Mohamed Soubh zum neuen Vorsitzenden gewählt

Die rasante Entwicklung der Digitalisierung in der Arbeitswelt, die neben der Industrie auch viele Dienstleistungsbranchen verändern wird, betrifft daher auch die Arbeitswelt. Die Arbeitsgemeinschaft für Arbeitnehmerfragen (AfA) in der SPD hatte dazu zwei Experten für ihre Konferenz eingeladen.

Oliver Dietrich, IG-Metall Projektsekretär Arbeit 4.0 erläuterte die Chancen und Risiken, die sich für die Arbeitnehmerinnen und Arbeitnehmer mit den neuen Technologien ergeben. Er selbst arbeitet in OWL mit einigen namhaften Unternehmen und deren Betriebsräten zusammen, die sich unter dem Dach von It´s OWL engagieren. Hierbei geht es zum Beispiel um bedarfsgerechte Einrichtung der Technik, die nur gemeinsam mit der Belegschaft erarbeitet werden kann. Dies setzt häufig eine Veränderung der Unternehmenskultur sowie gegenseitiges Vertrauen voraus. Herr Dietrich betonte, dass es auf das Engagement der Menschen vor Ort ankommt, die Chancen anzupacken und gemeinsam die Vorzüge der technischen Entwicklung zu gestalten.

Als zweiter Referent legte Dr. Bernd Gröger, stellvertretender AfA Vorsitzender in NRW, den Fokus auf die gesellschaftspolitischen Auswirkungen der Digitalisierung der Arbeitswelt. Bernd Gröger war beruflich bei der Technologie Beratungsstelle (TBS) des DGB mit dem Thema vertraut.
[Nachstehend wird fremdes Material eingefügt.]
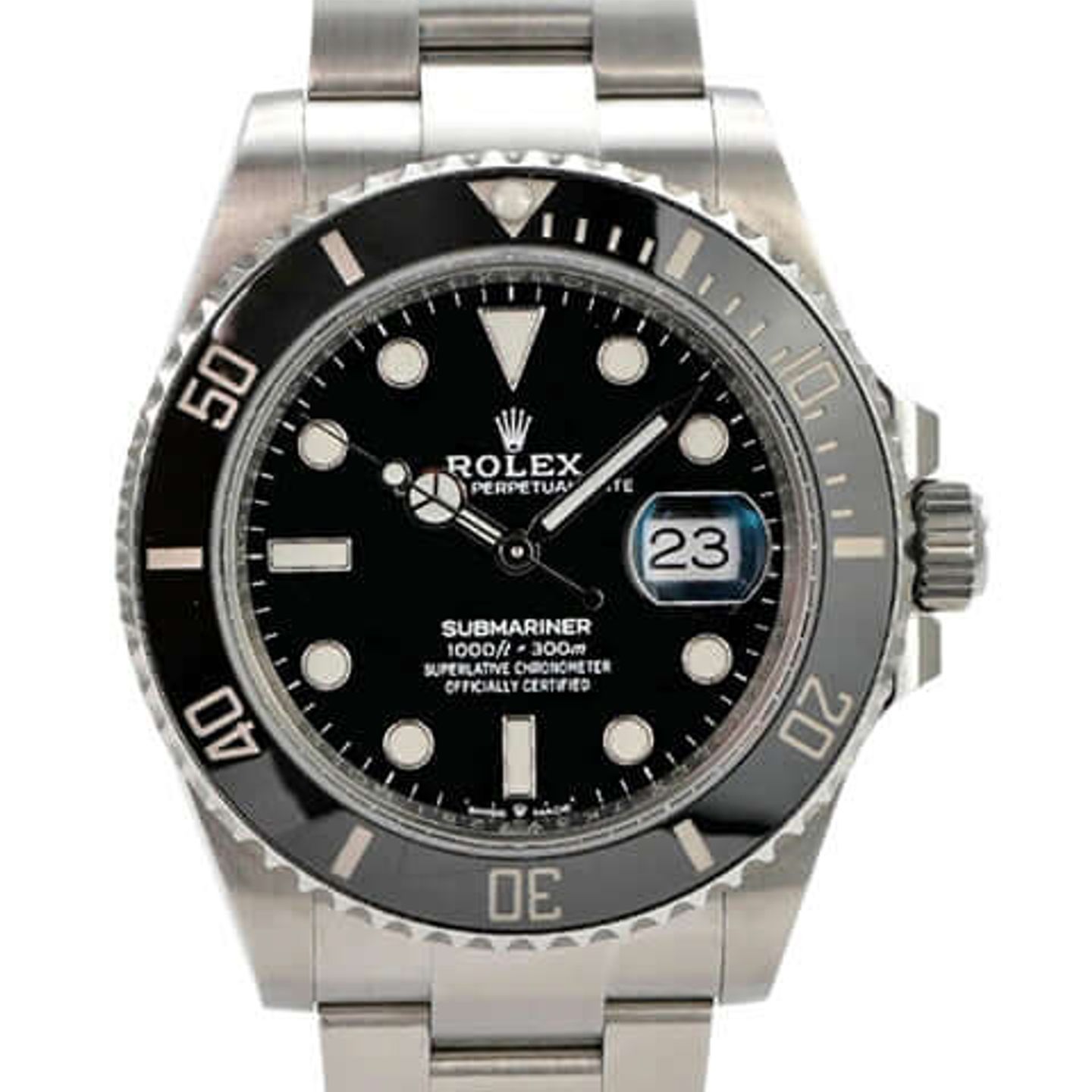Rolex Submariner Date 126610LN (2020) - Black dial 41 mm Steel case (1/8)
Er warf den Blick auf die Arbeitnehmerrechte, die sich z. B. durch die Flexibilisierung der Arbeitszeiten und den Wegfall von Arbeitsstellen durch Digitalisierung veränderten. „Was macht das mit unserer Arbeitsgesellschaft, wie wird der Arbeitsschutz zukünftig gewährleistet, welche neuen gesundheitlichen Probleme wird die Digitalisierung den Arbeitnehmerinnen und Arbeitnehmern bringen, sind die neuen und alten Fragen solcher Veränderungen“, so Gröger.
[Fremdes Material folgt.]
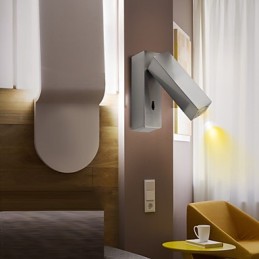 Appliques murales contemporaines modernes pour éclairage d'ambiance de style mini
In der Diskussion wurde anschließend die Befürchtung geäußert, dass sich die Ungleichgewichte in der Gesellschaft noch verstärken werden. Als wichtig wurden u. a. Fragen der Bildung und Qualifizierung gesehen, die sich durch das ganze Arbeitsleben ziehen müssen. Hier sieht sich auch die AfA in der Pflicht, diese Themen immer wieder publik zu machen und in die Diskussionen der SPD zu tragen.
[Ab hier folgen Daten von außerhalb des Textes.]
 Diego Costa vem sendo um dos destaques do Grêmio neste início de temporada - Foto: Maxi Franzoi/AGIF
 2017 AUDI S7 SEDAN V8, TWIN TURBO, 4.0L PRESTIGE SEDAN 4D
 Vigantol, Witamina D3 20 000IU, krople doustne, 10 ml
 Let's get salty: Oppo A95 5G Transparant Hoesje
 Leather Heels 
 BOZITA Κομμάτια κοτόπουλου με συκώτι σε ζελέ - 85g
Anschließend wurde der neue Vorstand gewählt. Die Mitglieder der AfA im Kreis Paderborn wählten Mohamed Soubh, Betriebsratsvorsitzender bei ARVATO einstimmig zum neuen Vorsitzenden. Der anwesende Kreisvorsitzende der SPD, Burkhard Blienert freut sich auf die Zusammenarbeit.

In diesem Zusammenhang geht Burkhard Blienert auch auf den Start der neuen Koalition in Berlin sowie auf das Zitat von Carsten Linnemann, CDU-MdB beim Königstreffen der Schützen am vergangenen Wochenende in Paderborn ein. Der CDU-Abgeordnete beklagte dort das Rufen nach dem Staat anstatt dass die Menschen selber handeln. Blienert meint dazu, dass gerade das Zurückziehen des Staates aus vielen Bereichen des gesellschaftlichen Zusammenlebens sich heute nun negativ bemerkbar macht. Immer mehr Menschen erwarten nichts mehr von der Politik bei der Verbesserung ihrer persönlichen Lebenssituation, z.B. bei der Pflege von Angehörigen oder beim Kampf gegen Missbrauch von Werkverträgen sowie Leih- und Zeitarbeit. Hier muss laut Blienert in den nächsten Jahrzehnten wieder stärker in den Ausbau des Rechts- und Wohlfahrtsstaates investiert werden. Die Menschen müssen sich auf die Gemeinschaft und den Staat verlassen können. "Nur die Reichen können sich einen schwachen Staat leisten", merkt Blienert dazu nur an.